COLLECTED MATERIAL:
____

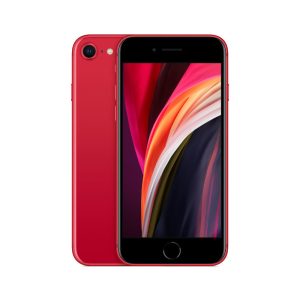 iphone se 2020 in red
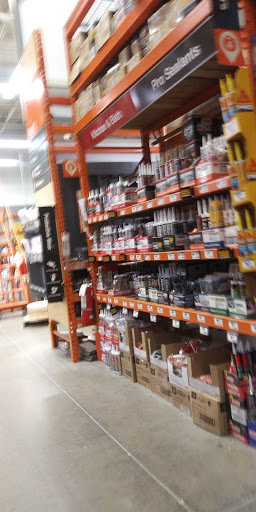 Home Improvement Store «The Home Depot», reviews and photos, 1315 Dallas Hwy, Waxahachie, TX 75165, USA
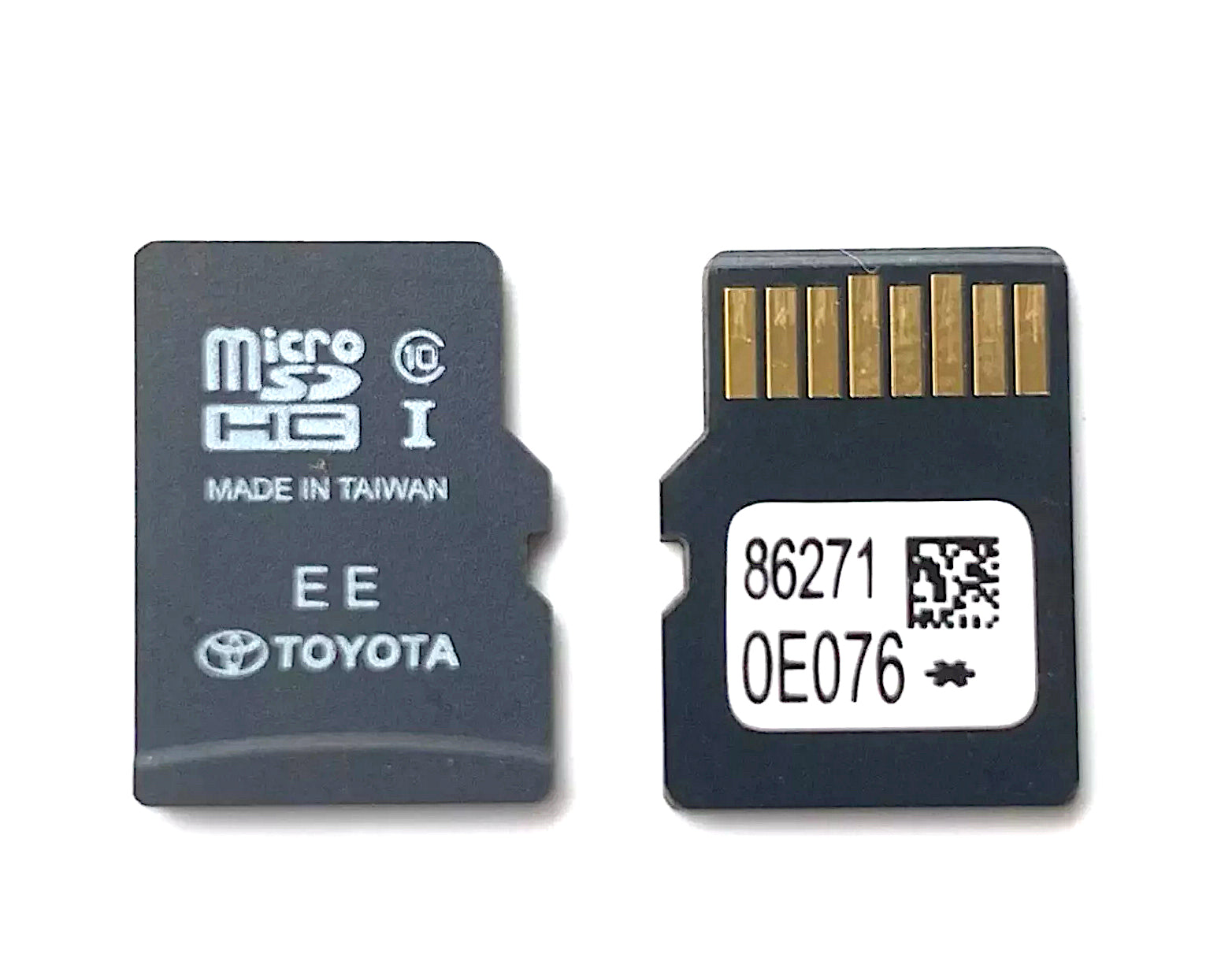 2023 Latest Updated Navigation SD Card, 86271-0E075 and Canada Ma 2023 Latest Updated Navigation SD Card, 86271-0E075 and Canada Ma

____

DIRECTIONS FOR THIS TASK: Repeat the listing word for word, but without its pictures.

OUTPUT FOR THIS EXERCISE:
 iphone se 2020 in red
 Home Improvement Store «The Home Depot», reviews and photos, 1315 Dallas Hwy, Waxahachie, TX 75165, USA
 2023 Latest Updated Navigation SD Card, 86271-0E075 and Canada Ma 2023 Latest Updated Navigation SD Card, 86271-0E075 and Canada Ma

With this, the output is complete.